Open keunwoochoi opened 5 years ago
I think we should stay away from classical dsp based methods, since those are to be replaced by deep learning based ones sooner or later anyway (https://arxiv.org/abs/1807.11298) Same for standard filters, etc.
personally, I'm against anything except STFT, except if its perceptually motivated (which mel do... partly). But convince me that we still need that! ;-)

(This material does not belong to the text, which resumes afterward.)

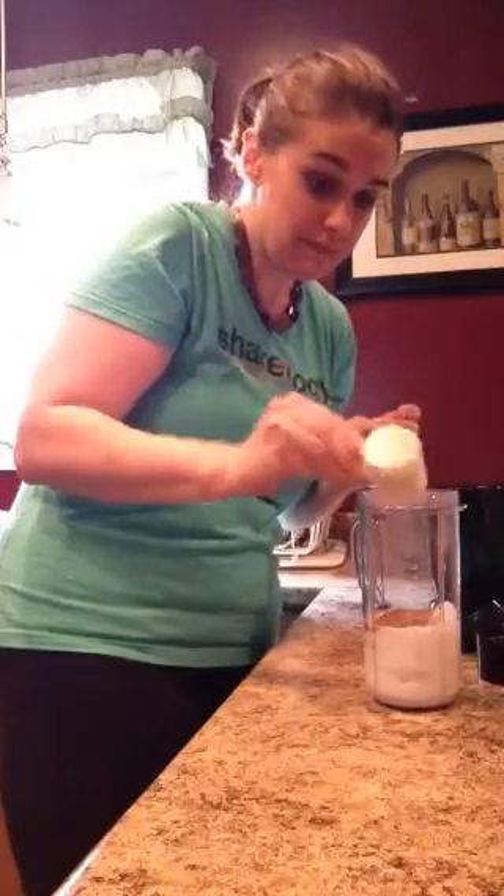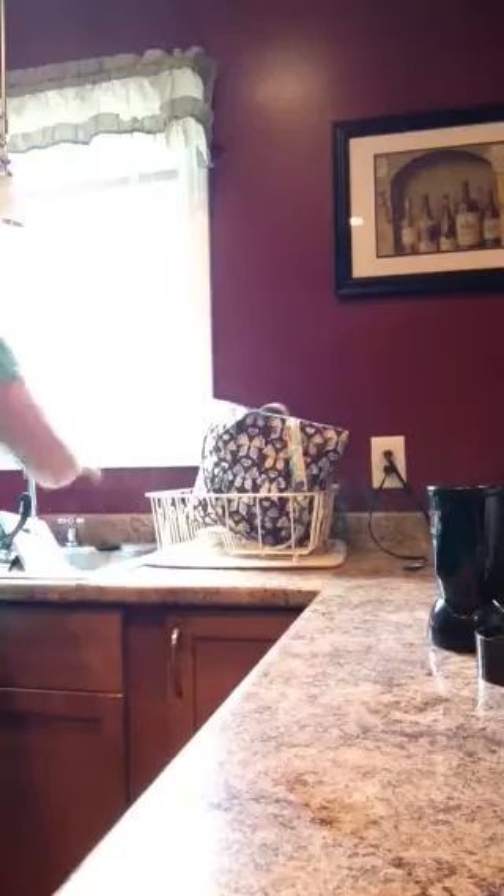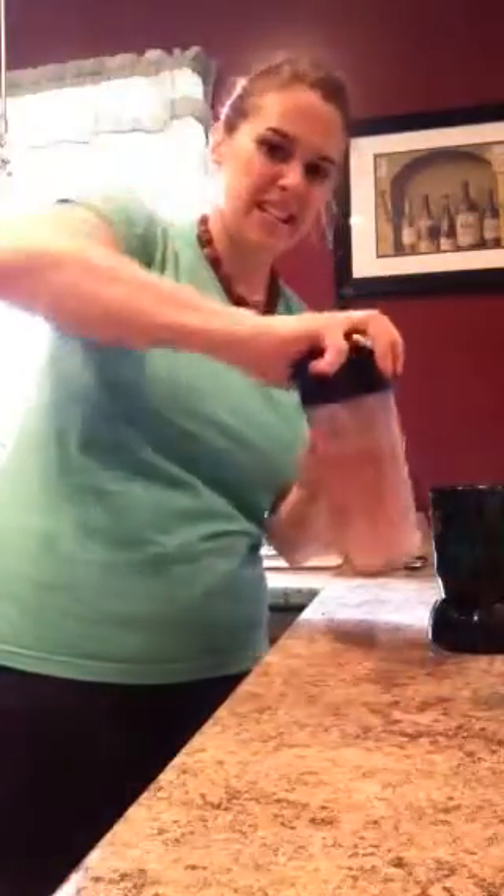Strawberry Shakeology, water, and voila — turn on the blender.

No that's fair overall. But, I don't think that having deep learning based model out there should be a reason for us not to have something (for partly the same reason I'd like to have MFCC here) - because, well, then are we 'deploying' one of those pre-trained models? Are those things mature enough to be a part of? Would they be consistent (or even working) with newer torch versions? In short, I don't think we're there yet in general. Meanwhile, once-deployed things like HPSS/MFCC would work without too much burden.

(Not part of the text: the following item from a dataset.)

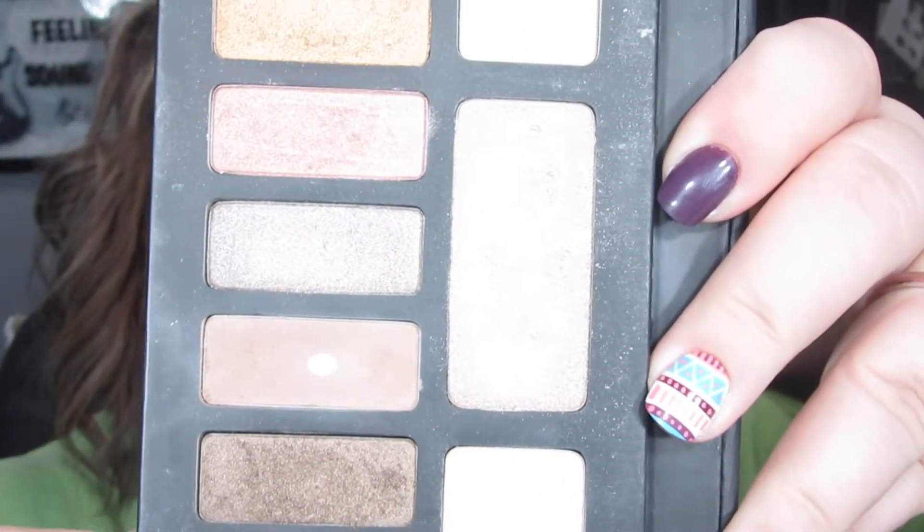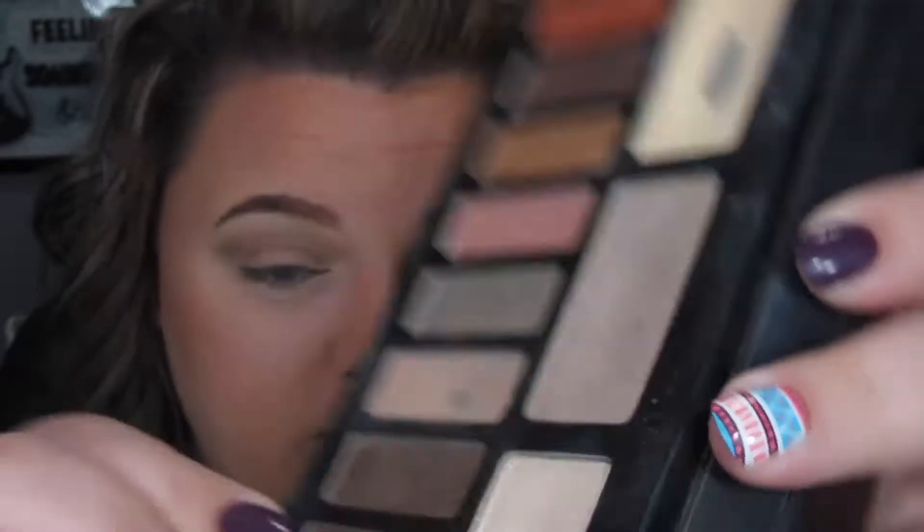I'm going to take this shade called Papilio and put that into the crease as well using the same brush, keeping it farther out and a little bit lower. I'm also going to bring this one in on the inner corner for a bit of a halo eye. So that's what we're looking like right now.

But I'm also not 100% sure. And I'll need it anyway (am gonna implement it very now), so.. we can wait and see :)
Okay, maybe we can draw the line and implement it that order:
?
I think we should get the basics right and fast first. But lets keep this open. Also this should come after #5, since we it only makes sense to do HPSS if we could apply the mask
I didn't meant including pretrained models (that would also be nice though, CREPE anyone?).
Great lines you draw there :) And I 100% agree. If they are indexed as 1, 2, 3, Let's do 1 first. Let's see if we should do 3 Let's not do 2.
Pre-trained model - like, model zoo for audio? You know, there'd be tons of headaches by them. Probably we can provide sort of awesome-list-pytorch-audio-models instead of host them.
Note - hpss at gist; https://gist.github.com/keunwoochoi/dcbaf3eaa72ca22ea4866bd5e458e32c
I don't understand why I said
Let's see if we should do 3 Let's not do 2.
Instead of
Let's see if we should do 2 Let's not do 3.
torch has
median()
. A median-filtering bass harmonic percussive source separation can be easily implemented. It's quite a bit MIR-only though.